Entretanto, nos termos do parágrafo 1º do artigo 43 da Resolução TSE n. 23.607/19 “na hipótese prevista neste artigo, o comprovante da despesa deve ser emitido em nome do eleitor”.

Na hipótese, não há documentos que comprovem que o pagamento foi realizado por eleitor em benefício da candidata. Ao contrário, a nota fiscal n. 84749005, não registrada na prestação de contas, foi emitida para o CNPJ da campanha e em nome da candidata.

A legislação eleitoral preconiza que a emissão de nota fiscal para o CNPJ de campanha gera a presunção de existência da despesa, conforme preceituam os arts. 59 e 60, da Resolução TSE n. 23.607/19:

Art. 59. O cancelamento de documentos fiscais deve observar o disposto na legislação tributária, sob pena de ser considerado irregular.

 

[...].

 

Art. 60. A comprovação dos gastos eleitorais deve ser feita por meio de documento fiscal idôneo emitido em nome dos candidatos e partidos políticos, sem emendas ou rasuras, devendo conter a data de emissão, a descrição detalhada, o valor da operação e a identificação do emitente e do destinatário ou dos contraentes pelo nome ou razão social, CPF ou CNPJ e endereço.

 

Portanto, impõe-se reconhecer que a despesa não foi declarada nas contas da recorrente, contrariando o disposto no art. 53, inc. I, al. “g”, da Resolução TSE n. 23.607/19, consoante o qual a prestação de contas deve ser composta das informações relativas a todos os gastos eleitorais, com especificação completa:

Art. 53. Ressalvado o disposto no art. 62 desta Resolução, a prestação de contas, ainda que não haja movimentação de recursos financeiros ou estimáveis em dinheiro, deve ser composta:

 

I - pelas seguintes informações:

(...).

g) receitas e despesas, especificadas;

(...)

i) gastos individuais realizados pelo candidato e pelo partido político;

 

[…].

 

Por conseguinte, as despesas não declaradas implicam, igualmente, sonegação de informações a respeito dos valores empregados para a quitação da dívida de campanha, cujo trânsito ocorreu de forma paralela à contabilidade formal do candidato, caracterizando o recurso como de origem não identificada, nos termos do art. 32, caput e inc. VI, da Resolução TSE n. 23.607/19, impondo-se o recolhimento do valor correspondente ao Tesouro Nacional, tal como determinado na decisão recorrida.

 

Conclusão

No caso concreto, a irregularidade subsistente (item “b”) alcança o valor de R$ 19,90, que representa, aproximadamente, 0,78% dos recursos arrecadados pela candidata (R$ 2.556,25), permitindo a aprovação das contas com ressalvas, nos termos do art. 74, inc. II, da Resolução TSE n. 23.607/19, em face da aplicação dos princípios da proporcionalidade e da razoabilidade.

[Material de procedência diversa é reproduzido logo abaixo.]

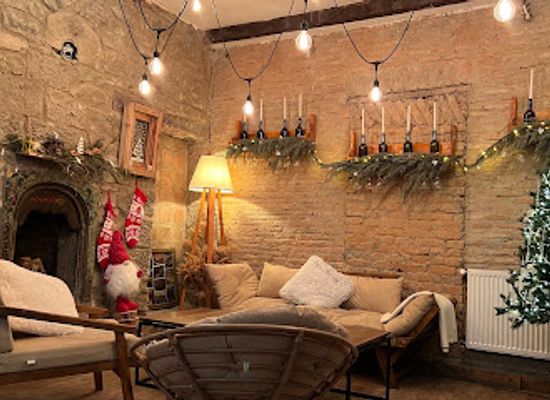 georgia/mtskheta/bar/restaurant-check-in-garden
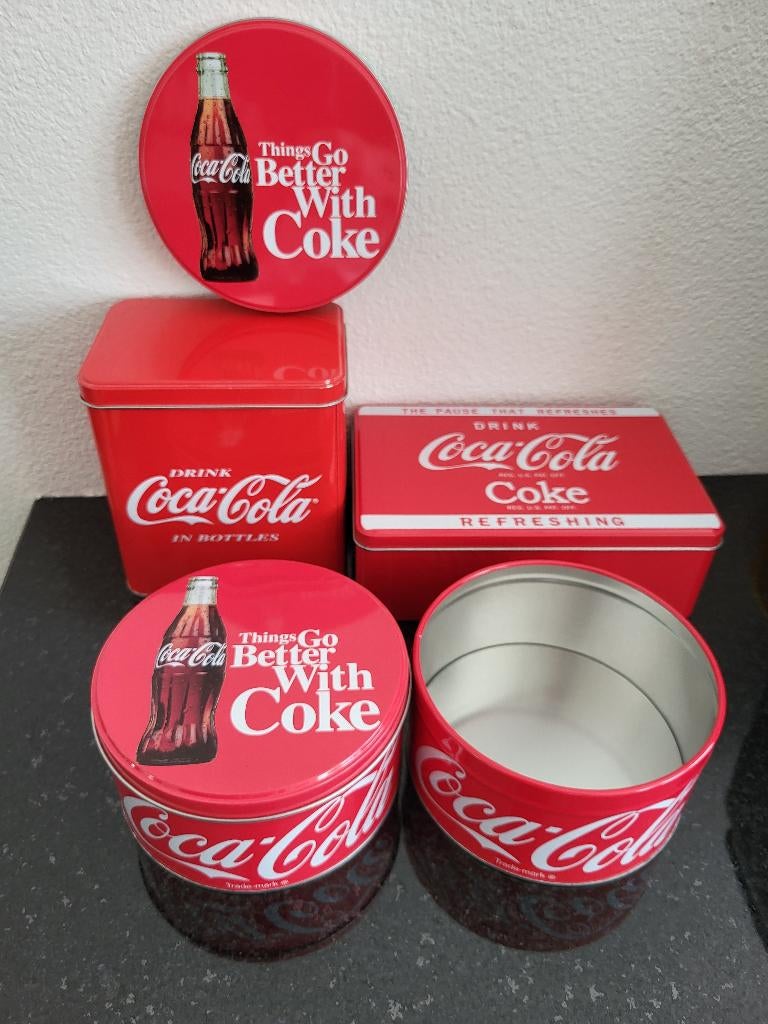 Coca Cola verzameling blikken, dienblad, bekers en spaarpot, Ophalen, Zo goed als nieuw, Gebruiksvoorwerp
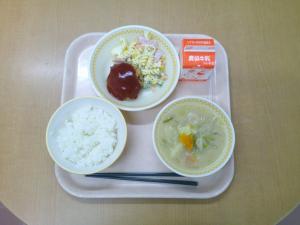 841キロカロリー、白飯、牛乳、ハンバーグ、マカロニサラダ、豆乳めった汁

A conclusão pela aprovação com ressalvas das contas, todavia, não afasta a determinação ao recolhimento da quantia de R$ 19,90 ao Tesouro Nacional, que decorre exclusiva e diretamente da caracterização do uso de recursos de origem não identificada.

 

Dispositivo

DIANTE DO EXPOSTO, voto pelo provimento parcial do recurso, para aprovar com ressalvas as contas de Iara Maria da Silva Santos, relativas ao pleito de 2020, e reduzir o valor a ser recolhido ao Tesouro Nacional para R$ 19,90 (dezenove reais e noventa centavos).